Artificial intelligence firm Anthropic has launched legal action against the Trump administration, seeking to overturn the Pentagon’s decision to label it a “supply chain risk.”
The designation stems from the company’s refusal to permit unrestricted military applications of its technology.
Anthropic filed two separate lawsuits on Monday, one in a California federal court and another in the federal appeals court in Washington, D.C., each targeting distinct facets of the Pentagon’s actions.
The San Francisco-based tech company was formally designated a risk last week following a public disagreement regarding the potential use of its AI chatbot, Claude, in warfare. The legal challenges aim to revoke the designation and prevent its enforcement.
A high-stakes dispute over military use of artificial intelligence erupted into public at the end of February before the U.S. bombed Iran, Defense Secretary Pete Hegseth brusquely terminated the Pentagon’s work with Anthropic and other government agencies, using a law designed to counter foreign supply chain threats to slap a scarlet letter on a U.S. company.

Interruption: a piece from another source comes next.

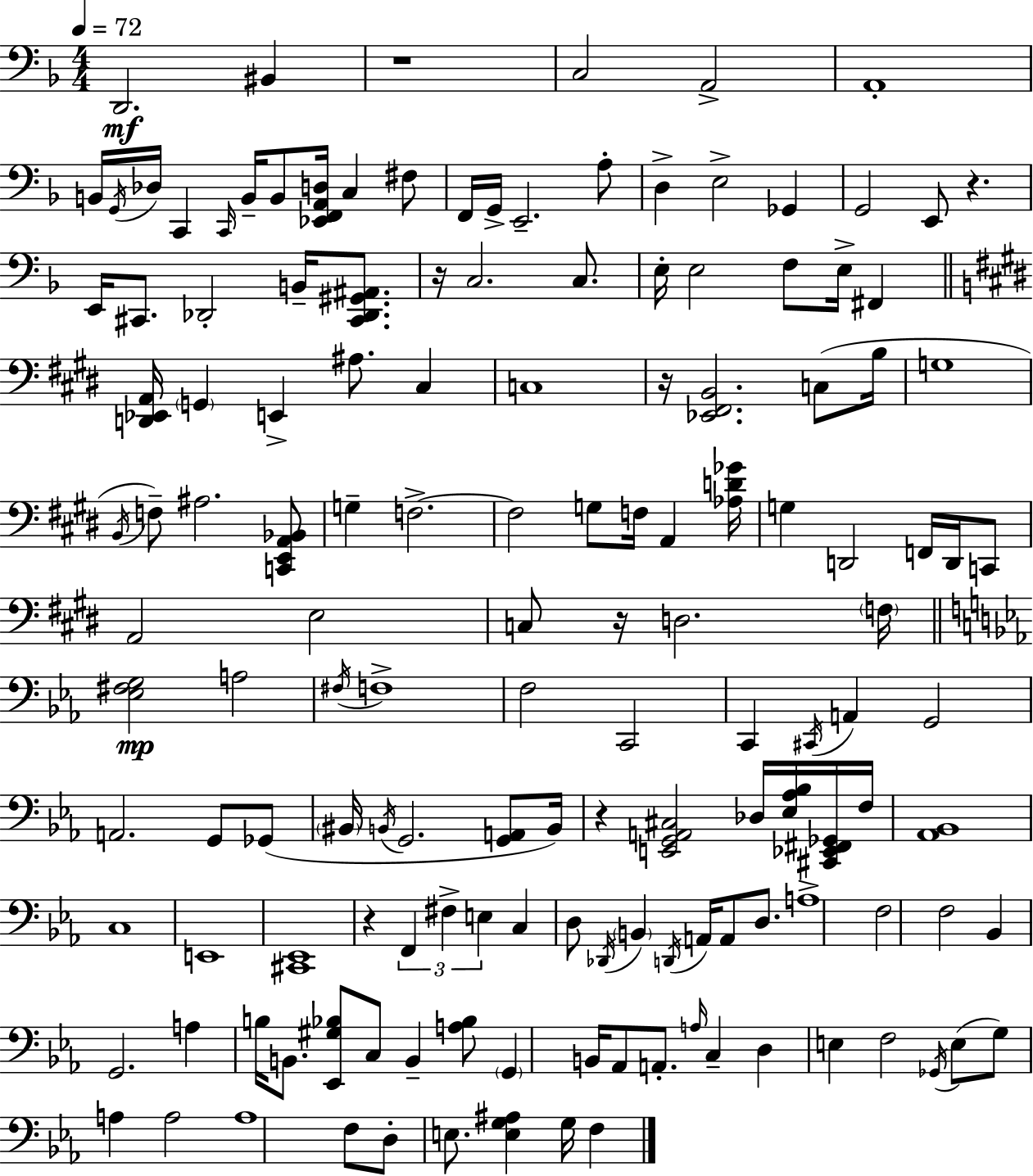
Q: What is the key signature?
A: F major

Trump and Hegseth accused rising AI star Anthropic of endangering national security after its CEO Dario Amodei refused to back down over concerns the company’s products could be used for mass surveillance or autonomous armed drones.
At the time of the dispute, the San Francisco-based company vowed to sue over Hegseth’s call to designate Anthropic a supply chain risk, an unprecedented move to apply a law intended to counter foreign threats to a U.S. company.
Anthropic said it would challenge what it called a legally unsound action “never before publicly applied to an American company.”
The looming legal battle could have huge implications on the balance of power in Big Tech during a critical juncture, as well as the rules governing military use of AI and other guardrails that are set up to prevent a technology from posing threats to human life.